On Sunday, March 17, Pakistan drew the attention of information agencies, once again because of a terrorist act. In Islamabad, terrorists threw grenades into a Protestant church, in which there were many praying parishioners, most of whom were workers of foreign diplomatic missions. Five people were killed. For the time being, only two of them have been identified: US diplomat Milton Green’s wife and daughter. The diplomat himself and his son were injured. Moreover, as a result of the terrorist act, 42 people were injured: 14 Pakistanis, nine Americans, three Englishmen, five Iranians, one Iraqi, one Afghan, one Swiss, three Sri Lanka citizens, one Ethiopian, one Canadian, one Australian, and one German. Seven of the injured people are in a very serious condition. In total, 60 to 70 people were in the church when the grenades exploded. US authorities reacted at once. Secretary of State Colin Powel said that he was indignant and deeply saddened, while his assistant on South Asia, Christina Rocca, who was in India at that time, cancelled all of her meetings with Indian leaders and went to Pakistan.

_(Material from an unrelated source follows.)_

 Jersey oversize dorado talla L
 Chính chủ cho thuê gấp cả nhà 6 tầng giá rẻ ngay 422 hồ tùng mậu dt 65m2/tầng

It has been long known that Perves Musharraf's leadership does not resist Islamist radical groups. The last illusions disappeared after Daniel Pearl, a Wall Street Journal journalist, was kidnapped and killed. However, the problem of terrorism cannot be solved so simply. Especially in Pakistan, where Muslim radicals are supported by most of population.
Another thing is not clear: how did the terrorists manage to penetrate the church? The church is situated not far from the territory where all diplomatic missions are situated, which are all heavily guarded. Therefore, the militants might have had accomplices in the police, in the units guarding the embassies, or even among the top leadership. It is the only explanation why the badly armed terrorists (only three of the six grenades exploded) managed to penetrate into the well-protected territory. And how did they manage to escape?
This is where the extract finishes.